Firebaugh states that with this design he set out to achieve a high degree of mechanical stability, and that much is obvious from the moment the stylus of the Dynavector XX-2 moving coil drops into the groove of the first LP I played, an old recording of Vernon Handley conducting the London Philharmonic playing Vaughan Williams’ London Symphony. The dynamic contrast is perhaps what impressed most; the awe inspiring weight and solidity behind the orchestral climaxes successfully removing the impression that one was listening to a recording of a piece of music rather than the music itself.
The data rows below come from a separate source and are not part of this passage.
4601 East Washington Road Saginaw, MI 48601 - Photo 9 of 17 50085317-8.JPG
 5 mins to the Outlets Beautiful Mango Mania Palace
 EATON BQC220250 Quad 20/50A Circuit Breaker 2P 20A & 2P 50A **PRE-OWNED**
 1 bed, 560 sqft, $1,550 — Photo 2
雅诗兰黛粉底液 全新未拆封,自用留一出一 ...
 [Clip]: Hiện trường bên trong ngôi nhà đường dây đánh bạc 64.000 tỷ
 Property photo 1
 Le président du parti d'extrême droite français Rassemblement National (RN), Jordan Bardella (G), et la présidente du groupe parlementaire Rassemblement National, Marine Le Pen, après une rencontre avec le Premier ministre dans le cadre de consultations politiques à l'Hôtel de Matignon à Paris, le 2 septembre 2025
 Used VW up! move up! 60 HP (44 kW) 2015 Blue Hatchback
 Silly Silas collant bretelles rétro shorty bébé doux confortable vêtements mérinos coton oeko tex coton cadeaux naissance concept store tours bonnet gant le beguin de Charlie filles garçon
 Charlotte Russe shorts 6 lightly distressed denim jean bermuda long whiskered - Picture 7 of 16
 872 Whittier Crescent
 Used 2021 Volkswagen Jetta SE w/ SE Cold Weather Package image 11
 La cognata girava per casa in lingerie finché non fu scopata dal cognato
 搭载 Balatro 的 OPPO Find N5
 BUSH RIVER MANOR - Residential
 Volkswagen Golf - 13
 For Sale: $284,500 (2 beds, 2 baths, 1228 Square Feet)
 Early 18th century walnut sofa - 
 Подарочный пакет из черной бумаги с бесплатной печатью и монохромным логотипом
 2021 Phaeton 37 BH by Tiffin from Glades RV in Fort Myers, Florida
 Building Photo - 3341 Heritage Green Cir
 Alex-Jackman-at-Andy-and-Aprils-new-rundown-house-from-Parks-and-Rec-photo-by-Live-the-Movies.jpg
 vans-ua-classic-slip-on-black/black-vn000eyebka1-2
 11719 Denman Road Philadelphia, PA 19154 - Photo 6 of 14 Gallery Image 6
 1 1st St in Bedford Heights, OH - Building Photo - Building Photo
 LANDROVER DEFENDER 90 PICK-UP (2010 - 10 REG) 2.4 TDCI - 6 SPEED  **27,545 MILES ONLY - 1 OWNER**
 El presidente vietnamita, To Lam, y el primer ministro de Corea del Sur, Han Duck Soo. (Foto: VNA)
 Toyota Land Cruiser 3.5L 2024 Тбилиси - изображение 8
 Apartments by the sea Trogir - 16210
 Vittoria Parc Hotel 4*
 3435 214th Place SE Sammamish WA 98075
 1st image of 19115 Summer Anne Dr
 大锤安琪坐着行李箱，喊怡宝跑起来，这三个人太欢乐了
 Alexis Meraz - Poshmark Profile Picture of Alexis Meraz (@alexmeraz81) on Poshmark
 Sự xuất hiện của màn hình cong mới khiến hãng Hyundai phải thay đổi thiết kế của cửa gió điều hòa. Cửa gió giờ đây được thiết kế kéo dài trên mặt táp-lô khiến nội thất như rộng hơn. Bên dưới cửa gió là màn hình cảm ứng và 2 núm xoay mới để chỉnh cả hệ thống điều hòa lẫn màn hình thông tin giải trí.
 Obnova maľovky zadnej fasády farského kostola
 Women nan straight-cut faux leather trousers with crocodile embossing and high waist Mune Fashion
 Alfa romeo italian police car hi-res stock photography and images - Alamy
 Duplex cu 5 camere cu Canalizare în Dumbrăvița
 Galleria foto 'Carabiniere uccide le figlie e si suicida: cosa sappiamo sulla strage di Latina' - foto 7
The performance, however, was not all about sheer weight and muscle: the Amadeus GT showed itself to be delicate and detailed when appropriate; for example, faithfully rendering the decay of a triangle at the rear of the stage even when more prominent lines were being played in front. All this combined to build a musically and emotionally persuasive performance of considerable appeal. As one listener noted as the music finished “That makes you feel really proud to be British,” a sentiment that certainly would have met with the composer’s approval.

The unwavering foundation that this turntable constructs provides a solid platform for LPs that can tend to sound fragile or lightweight on other decks. Played on the Amadeus GT, these exhibited none of the shoutiness or brittle tonality that results in those edge-of-the-seat moments, or that ‘‘will it track this groove?’’ paranoia.. In this respect it had the beating of my beloved Funk Vector LP12/Naim Uni-pivot/Lyra, which sounded a little nervous whenever Alison Stamp’s voice soared to the rafters in Allegri’s Misereré. On the WT her voice sounded absolutely stable, sweet and secure.

Alison Stamp’s voice soared to the rafters in Allegri’s Misereré. On the WT her voice sounded absolutely stable, sweet and secure. The deck coped just as well with noisy records, and did not make a meal of any pops or clicks it encountered, dealing with them as quickly and quietly as it could. Here, I reckon, my Funk LP12 exhibited an edge over the WT, seeming to ‘distance’ record noise from the music: forgive the single quotes but this is a phenomenon best heard rather than clumsily described in print. The Funk seemed somehow to move the noise away from its presentation of the music while the WT subjugated noise but it retained its attachment to the music. Does that make any sense? I did not imagine it would.

None of what I have written thus far should be taken as suggesting that the WT was overly smooth or laid-back in its portrayal: it certainly gave an accurate account of the instruments used by the Academy of Ancient Music under Christopher Hogwood playing Pachelbel’s Canon. And it gave a truly vivid appraisal of the lusciously rounded, rich timbre of the trompettesnaturelles playing Vivaldi’s Concerto for 2 Trumpets. The difference in every facet of their presentation and that of a modern instrument’s was clearly portrayed and a delight to savour.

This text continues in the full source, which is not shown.